Women's 100 metres at the Commonwealth Games

= Athletics at the 2010 Commonwealth Games – Women's 100 metres =

The Women's 100 metres at the 2010 Commonwealth Games as part of the athletics programme was held at the Jawaharlal Nehru Stadium on Wednesday 6 October and Thursday 7 October 2010.

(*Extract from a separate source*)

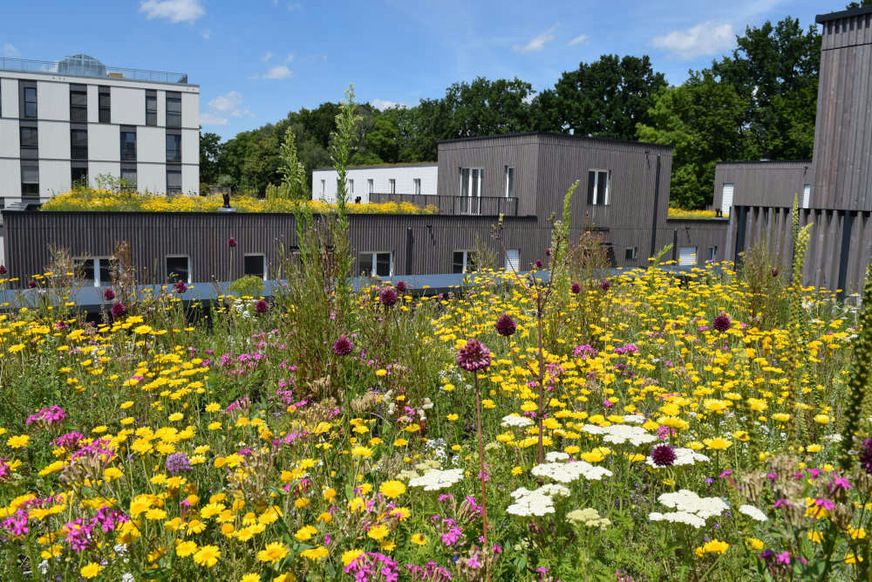 Dreifacher Nutzen: Artenreiche Extensivbegrünungen fördern die Biodiversität, speichern Regenwasser und sorgen für natürliche Kühlung.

The final was subject to some controversy. England's Laura Turner and Australia's Sally Pearson had a simultaneous false start, but only Turner was initially disqualified, "on the grounds that her reaction time was the quicker". Turner refused to leave the track, and officials eventually authorised her to run "under protest", meaning that her time would not be recorded unless her disqualification was overturned. She finished last, and her time was not recorded. Pearson won the race, but admitted afterwards that she had "twitched first" out of the starting blocks, and England and Nigeria both requested that she be disqualified for her false start; her disqualification would enable Nigeria's Oludamola Osayomi to claim gold, and England's Katherine Endacott to claim bronze. Pearson was disqualified, and expressed tearful disappointment at having been "told [she] was clear": "I did my victory lap with the flag. I was walking out to the medal ceremony and then I was called back. That's not right". Australia counter-appealed, unsuccessfully.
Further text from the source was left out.